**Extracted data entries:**
━━━━━━━━━━━━━━━━
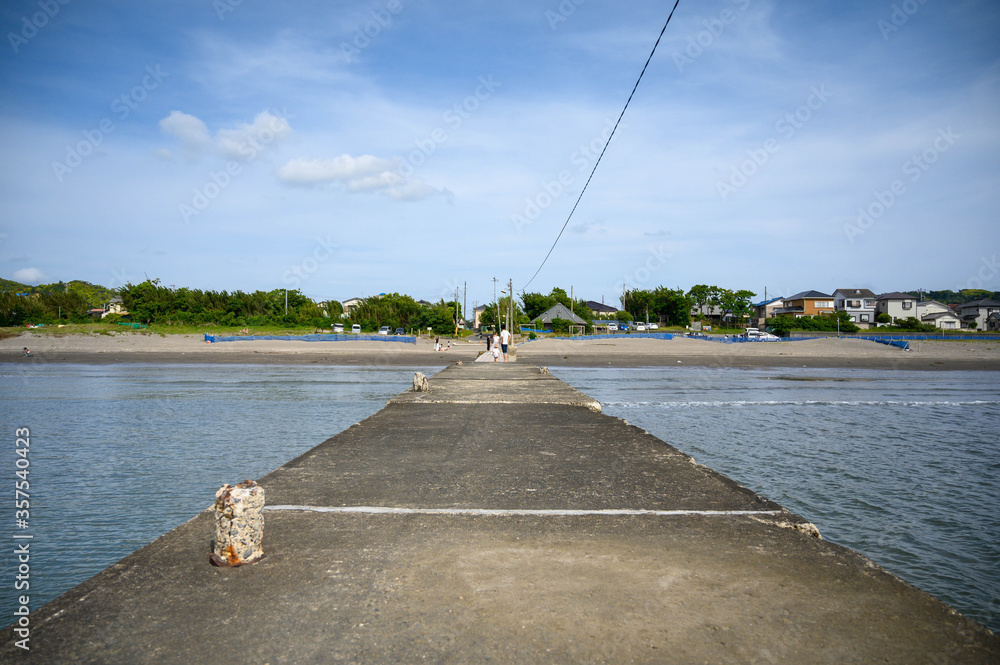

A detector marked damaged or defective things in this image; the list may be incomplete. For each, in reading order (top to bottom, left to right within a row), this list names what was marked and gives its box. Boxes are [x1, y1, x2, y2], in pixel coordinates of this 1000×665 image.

rusty concrete bollard [414, 370, 430, 392]
rusty concrete bollard [210, 478, 264, 564]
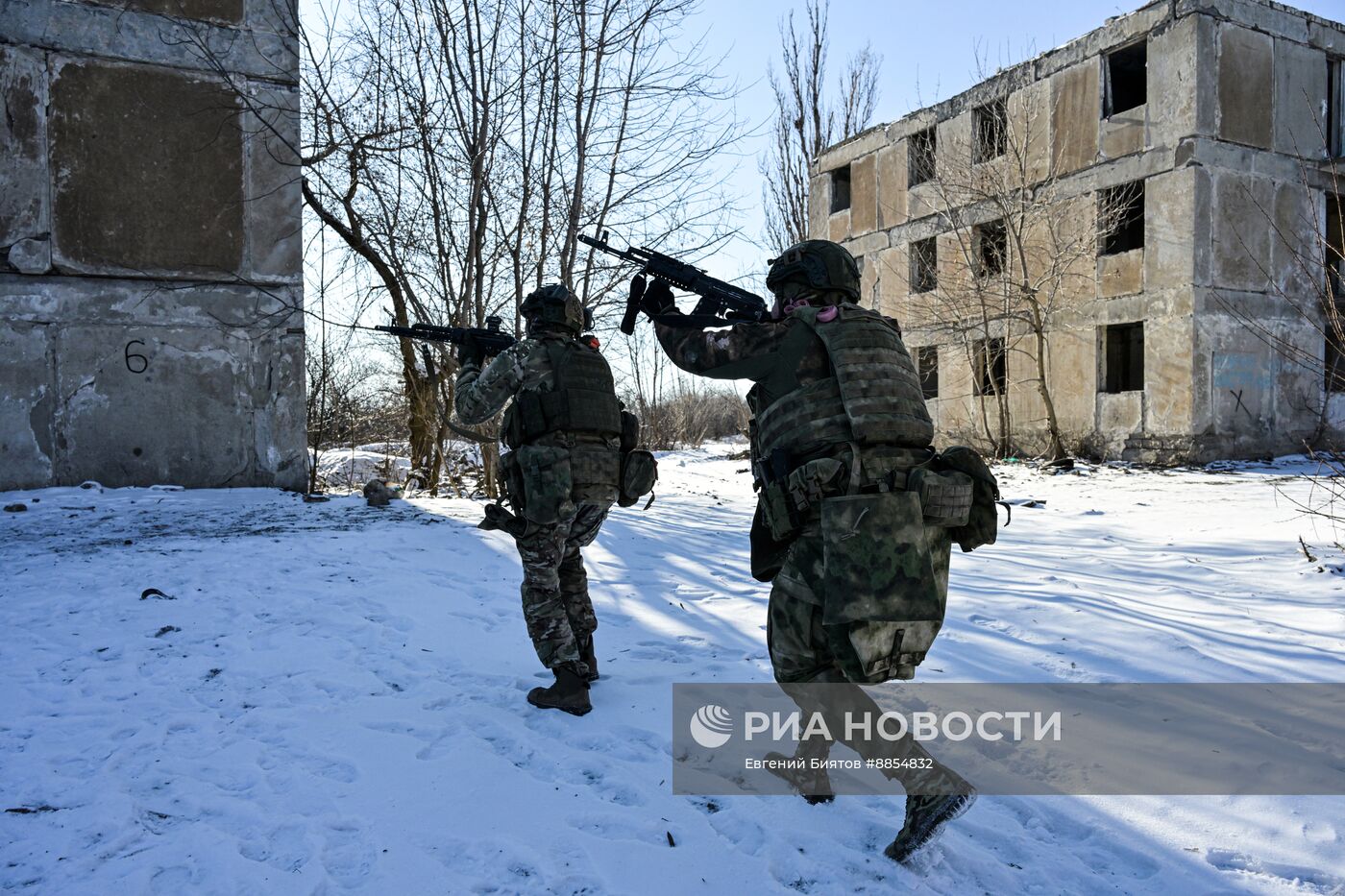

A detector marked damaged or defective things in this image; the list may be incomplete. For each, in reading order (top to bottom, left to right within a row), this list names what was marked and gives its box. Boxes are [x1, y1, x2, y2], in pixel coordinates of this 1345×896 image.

broken window [1107, 41, 1145, 117]
damaged building [0, 1, 306, 490]
broken window [830, 164, 849, 213]
broken window [911, 127, 942, 186]
broken window [911, 234, 942, 294]
broken window [972, 100, 1007, 164]
broken window [972, 219, 1007, 278]
damaged building [815, 0, 1345, 461]
broken window [1107, 180, 1145, 255]
broken window [918, 344, 942, 398]
broken window [972, 336, 1007, 396]
broken window [1107, 321, 1145, 392]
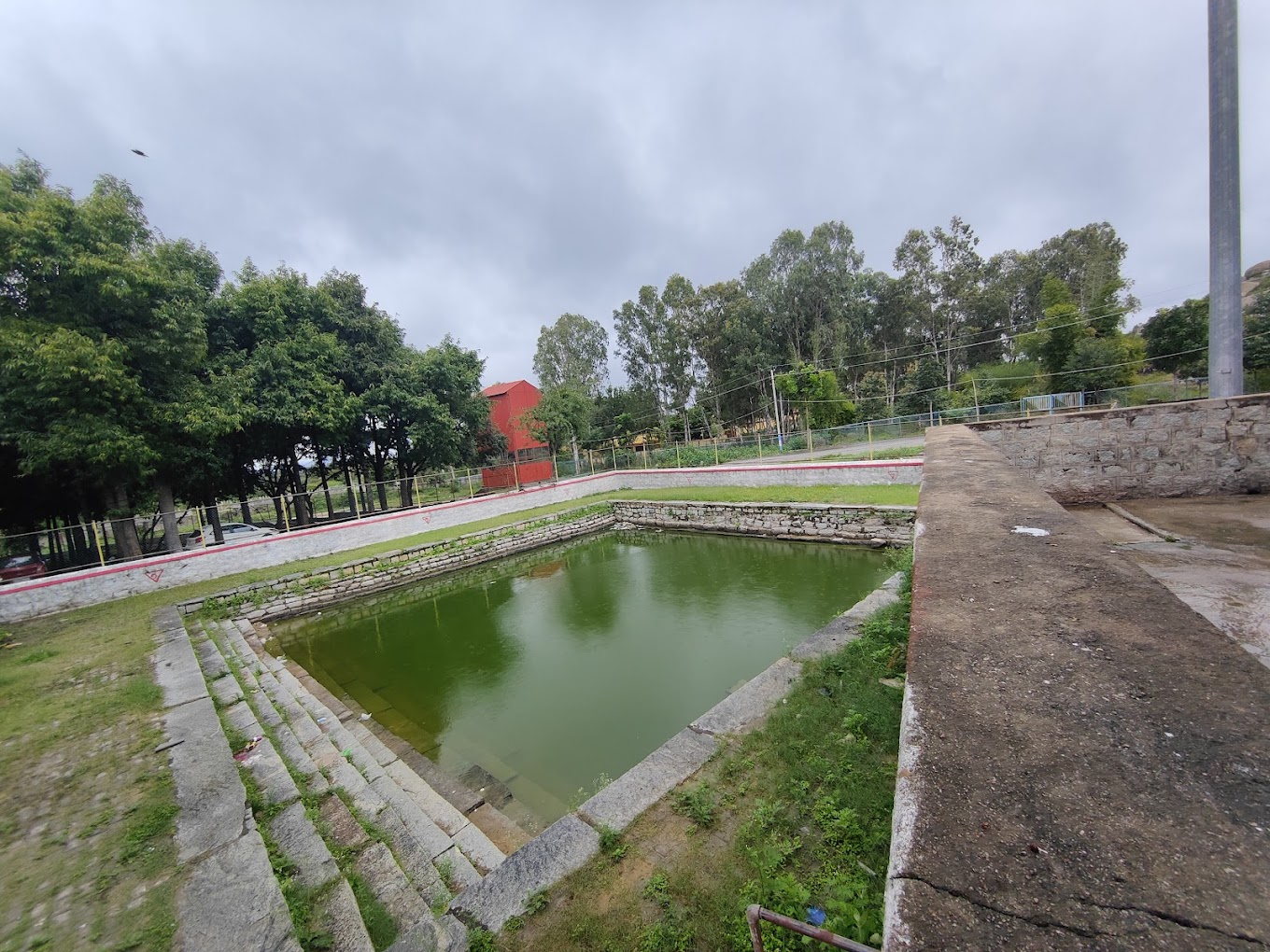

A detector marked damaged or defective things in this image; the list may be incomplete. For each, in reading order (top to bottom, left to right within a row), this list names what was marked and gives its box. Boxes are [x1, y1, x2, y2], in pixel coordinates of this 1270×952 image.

cracked concrete surface [894, 431, 1270, 952]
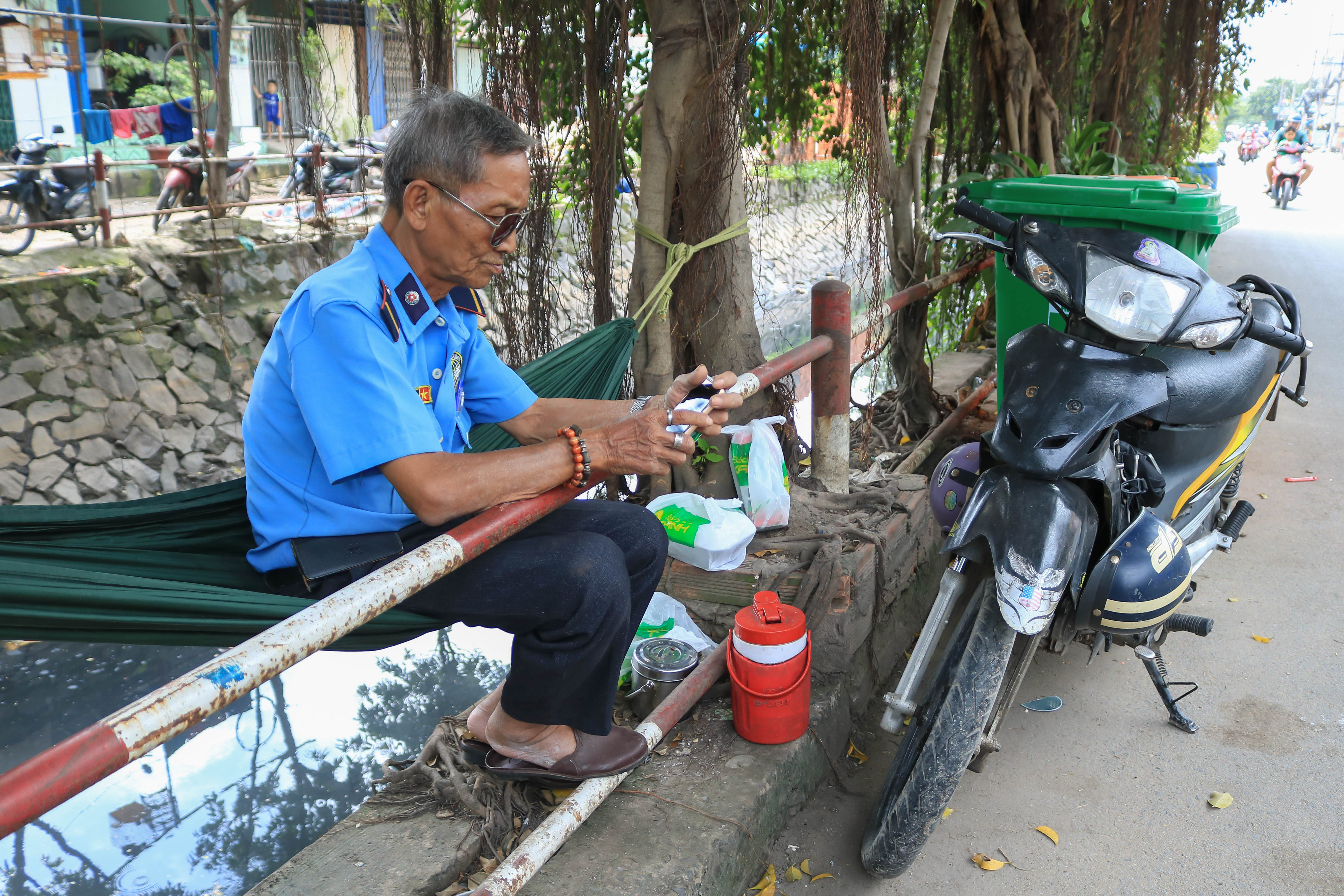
━━━━━━━━━━━━━━━━
**Exercise details:**
Repeat the lines exactly, starting with the line that contains "this 1345×896 image." and ending with the last line of the entries. Keep both of those lines but no pictures.

**Task solution:**
A detector marked damaged or defective things in this image; the list may be incomplete. For each, in reading order (top to bottom, left to right within a row), this list names what was marked and gives its box. Boxes are [x1, y1, x2, y2], in pixel coordinates of this 1345×896 image.

broken window [1107, 41, 1145, 117]
damaged building [0, 1, 306, 490]
broken window [830, 164, 849, 213]
broken window [911, 127, 942, 186]
broken window [911, 234, 942, 294]
broken window [972, 100, 1007, 164]
broken window [972, 219, 1007, 278]
damaged building [815, 0, 1345, 461]
broken window [1107, 180, 1145, 255]
broken window [918, 344, 942, 398]
broken window [972, 336, 1007, 396]
broken window [1107, 321, 1145, 392]

A detector marked damaged or defective things in this image; the list may be incomplete. For each, in reading order (top to bottom, left to right within a row), this list names what was marked and gives its box. Boxes are [x1, y1, x2, y2], in pixel coordinates of this 1270×952 image.

cracked concrete surface [894, 431, 1270, 952]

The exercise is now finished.